Pelindo III Bantu 3000 Paket Korban Bencana

Bencana alam yang melanda sejumlah wilayah di Indonesia, khususnya di Nusa Tenggara Barat dan Nusa Tenggara Timur, beberapa waktu lalu, membuat PT Pelabuhan Indonesia III (Persero) atau Pelindo III bergerak cepat.

Pelindo III Bantu 3000 Paket Korban Bencana
Pelindo III saat mengantarkan bantuan pada korban banjir di NTT.

Surabaya, HARIAN BANGSA.net - Bencana alam yang melanda sejumlah wilayah di Indonesia, khususnya di Nusa Tenggara Barat dan Nusa Tenggara Timur, beberapa waktu lalu, membuat PT Pelabuhan Indonesia III (Persero) atau Pelindo III  bergerak cepat.

Sejumlah bantuan berupa barang kebutuhan sehari-hari dan atap rumah didistribusikan ke sejumlah daerah yang terdampak.

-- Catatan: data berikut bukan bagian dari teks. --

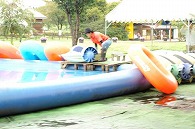 小岩井農場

Seperti Bima, Waingapu, Kupang, Sikka, Adonara, dan Lembata.

Vice President Corporate Communications Pelindo III R. Suryo Khasabu menyebut, sedikitnya 3.000 paket barang kebutuhan sehari-hari telah didistribusikan Pelindo III Group sejak 9 April 2021. Bantuan yang disalurkan berupa mie instan, makanan kering, susu bayi dan anak, selimut, pakaian bersih hingga atap rumah.

"Hari ini tim kami dari Pelabuhan Maumere bergerak menuju Adonara dan Lembata untuk mendistribusikan bantuan ke wilayah tersebut. Semoga bantuan yang disalurkan Pelindo III Group ke sejumlah daerah terdampak dapat memberikan manfaat dalam proses pemulihan paska bencana." katanya, Rabu (14/4) malam.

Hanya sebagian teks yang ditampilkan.